US orders massive supercomputer to manage nuclear stockpile

03.02.2009
The U.S. government has commissioned IBM to build a massive supercomputer that will have 1.6 million processor cores and be 15 times faster than today's most powerful machine, IBM announced Tuesday.

The "Sequoia" supercomputer is scheduled for operation in 2012 and will be able to perform at 20 petaflops, or 20,000 trillion [T] floating point operations per second, IBM said. The , IBM's Roadrunner at the Los Alamos National Laboratory, can manage 1.1 petaflops.

Sequoia will be based on IBM's Blue Gene/Q supercomputer, which is still under development. Ordered by the U.S. Department of Energy, it will be located at the Lawrence Livermore National Laboratory in California and used primarily to manage the U.S.'s aging stockpile of nuclear weapons.

Those weapons contain highly corrosive and radioactive materials and Sequoia will allow scientists to perform simulations to help determine whether the weapons are stable and safe, and if they will work properly if the government should decide to use them.

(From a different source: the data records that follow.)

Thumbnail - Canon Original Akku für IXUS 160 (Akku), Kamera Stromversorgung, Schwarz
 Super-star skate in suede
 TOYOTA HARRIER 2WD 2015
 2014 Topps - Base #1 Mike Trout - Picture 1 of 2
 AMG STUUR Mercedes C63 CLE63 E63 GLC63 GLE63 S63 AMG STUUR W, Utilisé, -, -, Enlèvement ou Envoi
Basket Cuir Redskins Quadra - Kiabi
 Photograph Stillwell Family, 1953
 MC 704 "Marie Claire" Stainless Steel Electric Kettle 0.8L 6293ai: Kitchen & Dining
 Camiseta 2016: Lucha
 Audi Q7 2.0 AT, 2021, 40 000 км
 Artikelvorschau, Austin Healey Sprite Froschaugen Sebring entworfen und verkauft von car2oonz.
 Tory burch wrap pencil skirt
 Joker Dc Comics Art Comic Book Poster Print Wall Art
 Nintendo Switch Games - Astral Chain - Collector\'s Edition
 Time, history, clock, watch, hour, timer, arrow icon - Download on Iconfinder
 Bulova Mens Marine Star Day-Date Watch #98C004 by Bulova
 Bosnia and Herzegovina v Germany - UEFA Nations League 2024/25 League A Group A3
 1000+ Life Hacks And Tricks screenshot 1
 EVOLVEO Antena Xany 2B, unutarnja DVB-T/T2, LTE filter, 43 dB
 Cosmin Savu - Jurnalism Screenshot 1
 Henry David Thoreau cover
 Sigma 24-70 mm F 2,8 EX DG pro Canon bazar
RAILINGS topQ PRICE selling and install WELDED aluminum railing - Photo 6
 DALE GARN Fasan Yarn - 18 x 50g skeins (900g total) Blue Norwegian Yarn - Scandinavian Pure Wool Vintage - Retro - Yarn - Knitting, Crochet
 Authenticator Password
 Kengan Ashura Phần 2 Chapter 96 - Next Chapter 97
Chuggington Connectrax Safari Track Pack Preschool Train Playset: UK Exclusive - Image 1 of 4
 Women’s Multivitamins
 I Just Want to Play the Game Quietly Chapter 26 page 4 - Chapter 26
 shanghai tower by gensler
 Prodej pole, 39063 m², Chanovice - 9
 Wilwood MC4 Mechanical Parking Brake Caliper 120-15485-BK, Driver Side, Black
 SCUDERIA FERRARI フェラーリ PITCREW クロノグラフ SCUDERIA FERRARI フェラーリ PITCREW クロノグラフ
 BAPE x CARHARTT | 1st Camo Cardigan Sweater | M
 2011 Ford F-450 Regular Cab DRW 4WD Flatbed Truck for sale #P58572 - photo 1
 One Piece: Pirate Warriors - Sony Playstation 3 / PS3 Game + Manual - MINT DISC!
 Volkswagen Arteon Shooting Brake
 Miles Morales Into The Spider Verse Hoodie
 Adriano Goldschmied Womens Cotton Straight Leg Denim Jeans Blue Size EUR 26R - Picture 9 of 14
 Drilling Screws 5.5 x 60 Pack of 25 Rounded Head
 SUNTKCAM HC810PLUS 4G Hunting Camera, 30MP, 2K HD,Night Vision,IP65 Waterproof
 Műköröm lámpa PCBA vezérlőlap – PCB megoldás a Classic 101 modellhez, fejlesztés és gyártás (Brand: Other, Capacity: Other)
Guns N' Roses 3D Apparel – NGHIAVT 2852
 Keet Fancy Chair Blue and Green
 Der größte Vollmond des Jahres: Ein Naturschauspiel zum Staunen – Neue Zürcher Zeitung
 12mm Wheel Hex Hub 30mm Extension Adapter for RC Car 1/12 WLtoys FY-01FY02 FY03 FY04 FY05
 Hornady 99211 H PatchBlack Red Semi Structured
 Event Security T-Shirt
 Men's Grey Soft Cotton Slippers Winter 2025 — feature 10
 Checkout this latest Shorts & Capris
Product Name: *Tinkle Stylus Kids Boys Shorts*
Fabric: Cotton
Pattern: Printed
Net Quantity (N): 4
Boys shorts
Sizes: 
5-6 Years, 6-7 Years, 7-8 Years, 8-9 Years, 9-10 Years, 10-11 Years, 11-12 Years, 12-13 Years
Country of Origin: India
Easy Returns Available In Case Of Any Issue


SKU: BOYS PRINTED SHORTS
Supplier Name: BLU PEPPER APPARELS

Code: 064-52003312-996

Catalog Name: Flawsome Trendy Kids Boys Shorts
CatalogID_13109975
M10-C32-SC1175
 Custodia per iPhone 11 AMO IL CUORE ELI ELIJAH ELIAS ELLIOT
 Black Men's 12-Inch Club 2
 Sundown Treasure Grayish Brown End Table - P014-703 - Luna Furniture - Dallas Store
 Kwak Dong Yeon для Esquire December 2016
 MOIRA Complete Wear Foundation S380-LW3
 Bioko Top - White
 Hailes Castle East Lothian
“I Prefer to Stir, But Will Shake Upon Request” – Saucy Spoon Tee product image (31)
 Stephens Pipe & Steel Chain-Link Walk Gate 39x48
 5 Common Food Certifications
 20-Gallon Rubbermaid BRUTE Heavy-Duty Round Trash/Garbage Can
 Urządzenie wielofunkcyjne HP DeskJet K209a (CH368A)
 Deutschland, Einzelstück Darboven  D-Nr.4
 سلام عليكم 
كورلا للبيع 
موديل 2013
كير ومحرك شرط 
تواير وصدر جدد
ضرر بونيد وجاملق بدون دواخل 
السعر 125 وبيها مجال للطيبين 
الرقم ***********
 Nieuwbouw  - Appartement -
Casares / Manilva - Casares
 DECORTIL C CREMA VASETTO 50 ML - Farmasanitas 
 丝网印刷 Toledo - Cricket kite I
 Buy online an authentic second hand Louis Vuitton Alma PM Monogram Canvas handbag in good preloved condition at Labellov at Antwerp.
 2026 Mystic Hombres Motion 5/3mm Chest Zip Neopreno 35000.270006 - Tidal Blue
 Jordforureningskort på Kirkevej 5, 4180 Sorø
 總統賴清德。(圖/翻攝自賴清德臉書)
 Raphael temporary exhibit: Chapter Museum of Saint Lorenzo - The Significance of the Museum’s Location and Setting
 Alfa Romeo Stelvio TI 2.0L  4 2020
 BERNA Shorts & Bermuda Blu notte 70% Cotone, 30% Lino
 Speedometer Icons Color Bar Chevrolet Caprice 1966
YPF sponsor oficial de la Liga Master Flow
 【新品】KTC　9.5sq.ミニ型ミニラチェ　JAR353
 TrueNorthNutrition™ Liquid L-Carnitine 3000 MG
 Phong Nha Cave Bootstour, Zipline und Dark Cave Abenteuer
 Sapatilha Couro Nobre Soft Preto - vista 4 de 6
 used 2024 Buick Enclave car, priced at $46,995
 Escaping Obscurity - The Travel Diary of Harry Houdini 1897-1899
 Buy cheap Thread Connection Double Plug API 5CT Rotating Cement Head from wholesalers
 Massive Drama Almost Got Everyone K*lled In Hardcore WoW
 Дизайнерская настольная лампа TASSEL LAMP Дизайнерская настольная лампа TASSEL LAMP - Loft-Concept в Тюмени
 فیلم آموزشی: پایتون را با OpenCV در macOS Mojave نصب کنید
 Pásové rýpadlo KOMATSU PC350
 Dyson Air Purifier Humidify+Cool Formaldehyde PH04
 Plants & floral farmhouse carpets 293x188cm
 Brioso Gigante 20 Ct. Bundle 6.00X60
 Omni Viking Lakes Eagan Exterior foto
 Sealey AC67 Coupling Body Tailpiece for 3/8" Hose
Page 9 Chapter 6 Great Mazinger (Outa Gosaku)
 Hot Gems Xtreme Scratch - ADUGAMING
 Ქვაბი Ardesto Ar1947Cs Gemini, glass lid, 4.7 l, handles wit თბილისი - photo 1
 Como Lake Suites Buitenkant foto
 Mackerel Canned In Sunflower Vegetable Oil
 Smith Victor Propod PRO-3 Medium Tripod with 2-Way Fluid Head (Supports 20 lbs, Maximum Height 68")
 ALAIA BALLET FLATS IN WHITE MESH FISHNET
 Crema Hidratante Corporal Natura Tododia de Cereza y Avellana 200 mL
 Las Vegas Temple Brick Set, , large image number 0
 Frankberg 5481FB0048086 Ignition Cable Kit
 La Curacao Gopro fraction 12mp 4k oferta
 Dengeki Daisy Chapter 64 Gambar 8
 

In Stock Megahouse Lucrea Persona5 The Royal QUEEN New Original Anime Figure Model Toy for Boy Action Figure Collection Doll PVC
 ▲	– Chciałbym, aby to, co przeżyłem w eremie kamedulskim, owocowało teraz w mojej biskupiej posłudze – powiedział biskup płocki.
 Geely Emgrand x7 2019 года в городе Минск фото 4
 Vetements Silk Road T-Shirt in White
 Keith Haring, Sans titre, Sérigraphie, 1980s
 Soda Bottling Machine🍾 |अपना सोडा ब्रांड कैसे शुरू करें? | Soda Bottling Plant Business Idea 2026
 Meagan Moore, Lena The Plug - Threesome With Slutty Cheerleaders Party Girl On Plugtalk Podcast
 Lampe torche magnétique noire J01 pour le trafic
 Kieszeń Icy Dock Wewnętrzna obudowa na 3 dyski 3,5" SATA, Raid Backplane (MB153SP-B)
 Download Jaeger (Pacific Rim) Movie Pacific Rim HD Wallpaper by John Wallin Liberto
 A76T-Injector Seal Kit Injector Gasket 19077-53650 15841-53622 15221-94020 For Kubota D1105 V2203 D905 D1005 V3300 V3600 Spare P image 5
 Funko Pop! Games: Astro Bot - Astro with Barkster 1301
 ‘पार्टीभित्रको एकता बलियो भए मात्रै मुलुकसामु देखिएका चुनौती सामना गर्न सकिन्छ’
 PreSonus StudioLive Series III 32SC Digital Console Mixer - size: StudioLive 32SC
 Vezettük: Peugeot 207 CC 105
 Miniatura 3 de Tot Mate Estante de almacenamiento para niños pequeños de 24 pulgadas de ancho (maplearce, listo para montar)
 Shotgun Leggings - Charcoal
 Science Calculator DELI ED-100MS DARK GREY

"The problem we have with the nuclear stockpile is similar to one you might have at home with a car you've kept in the garage for 20 to 30 years," said Mark Seager, assistant department head for advanced technology at Lawrence Livermore. "How do you carefully maintain the car as it ages so that when you go to start the car, you can be very confident it will start? That the probability that it won't start is less than 1 in a million? That's a pretty high level of certitude."

The scientists have been working on the problem for several years with IBM's supercomputer, but they need a more powerful system to explore areas of physics they have not yet tackled and calculate the margin of error for results, Seager said.

Sequoia will occupy 96 server racks over an area a bit larger than a tennis court. IBM won't discuss the machine in detail because it is still being developed, but Dave Turek, vice president of IBM's Deep Computing initiative, said it will be similar in design to its predecessor, Blue Gene/P, but on a much larger scale. The system will run a version of the Linux OS, use IBM's embedded Power processors and have 1.6 petabytes of main memory.

Because a computer this size has never been built, scaling the processor count, memory DIMMs and management subsystems comes with a level of uncertainty, Turek acknowleged. "This is not an exercise for the faint of heart," he said "When you push the limits of scalability you start to observe problems that were simply unanticipated."

Among IBM's challenges will be how to scale the management subsystems to automate as many tasks as possible, and to allow administrators to keep track of workloads and make the right choices during operation.

Lawrence Livermore will have to write applications that can take advantage of such a massively parallel system. It chose IBM's embedded processors because they are "easier to deal with on our complicated weapons code" than the Cell processors used for Roadrunner, Seager said.

Sequoia will be far more energy efficient than a Blue Gene/P system, according to Turek, but because of its size Lawrence Livermore will still have to double the power supply to its computing center. Sequoia will require 6 megawatts of power, compared to 1.8 megawatts for ASC Purple, Seager said.

IBM was picked from five bidders because its costs were lower and it provided a better "risk reduction plan" -- essentially a backup plan if something goes wrong, Seager said. He declined to name the losing bidders but said it was a close contest.

The price tag for the system won't be disclosed until a later date, but such computers can easily run into hundreds of millions of dollars.

Besides managing nuclear weapons, Sequoia will be used for research into astronomy, energy, the human genome and climate change, IBM said. The system will allow forecasters to predict local weather events that are less than 1 kilometer across, it said, compared to 10 kilometers today.

While it is being built, Lawrence Livermore will use a smaller IBM supercomputer called Dawn to develop the weapons applications that will run on Sequoia. Dawn will be operational in the coming months and perform at 500 teraflops.

It's not certain that Sequoia will be the most powerful supercomputer in the world by the time it goes into operation, but Turek sounded confident that it will be.

"We expect it to be, Livermore expects it to be," he said. "At this rarefied level of computing there are few clients around the world looking to make the investment on this scale."